While rebar is used in construction, a persistent weak spot in China's economy, HRC is used more in the manufacturing sector and ShFE volumes grew by 7% last year.

The newer stainless steel contract, launched in 2019, grew at a faster 20% pace, with volumes hitting 43 million lots.

It's not hard to see the attraction to the LME of cross-listing ShFE steel products.

The nickel market blow-out in 2022 created common ground between the London and Shanghai metal exchanges and the two have been working closely to restore trust in their collective nickel pricing model.

Cross-listing ShFE products in London could be a win-win situation for both, although any go-ahead will be dependent on Chinese regulators.

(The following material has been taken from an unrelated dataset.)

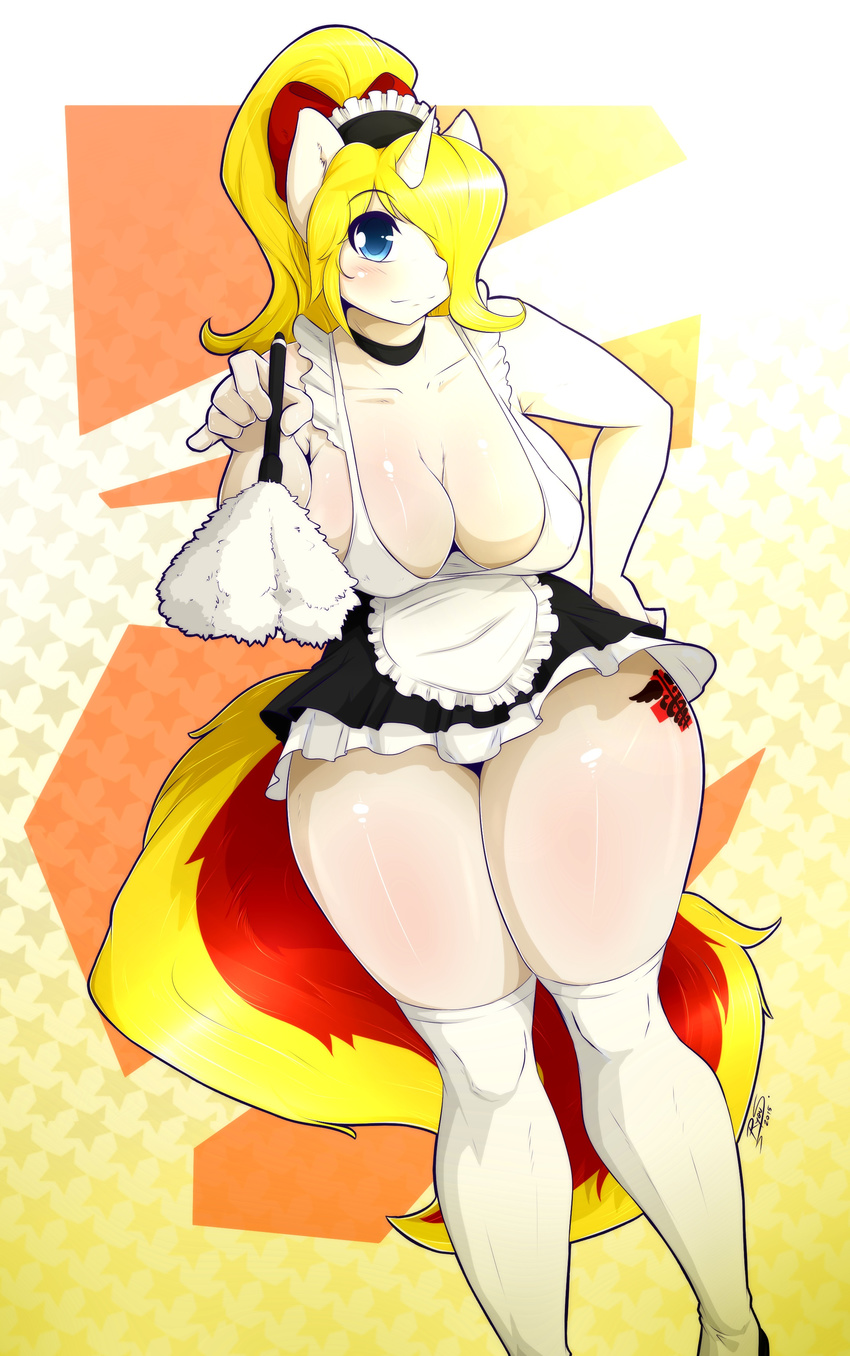 2015 absurd_res animal_humanoid big_breasts blonde_hair blue_eyes blush bow breasts cleavage clothed clothing cutie_mark dress duster equine equine_humanoid female hair hi_res horn human humanoid legwear long_hair looking_at_viewer maid maid_uniform mammal ponytail ryousakai side_boob smile solo standing stockings thick_thighs unicorn wide_hips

It would be an interesting development for HKEx, which has tried to leverage the LME's international brand into its own cross-border offering.

However, liquidity in its LME-referenced mini-contracts evaporated last year, volumes collapsing from 14,000 in 2022 to just 10.

The Hong Kong exchange has struggled to replicate its success in connecting mainland Chinese and international markets in bonds and stocks in the commodities space.

It looks as if London and Shanghai are going to connect themselves.

The opinions expressed here are those of the author, a columnist for Reuters.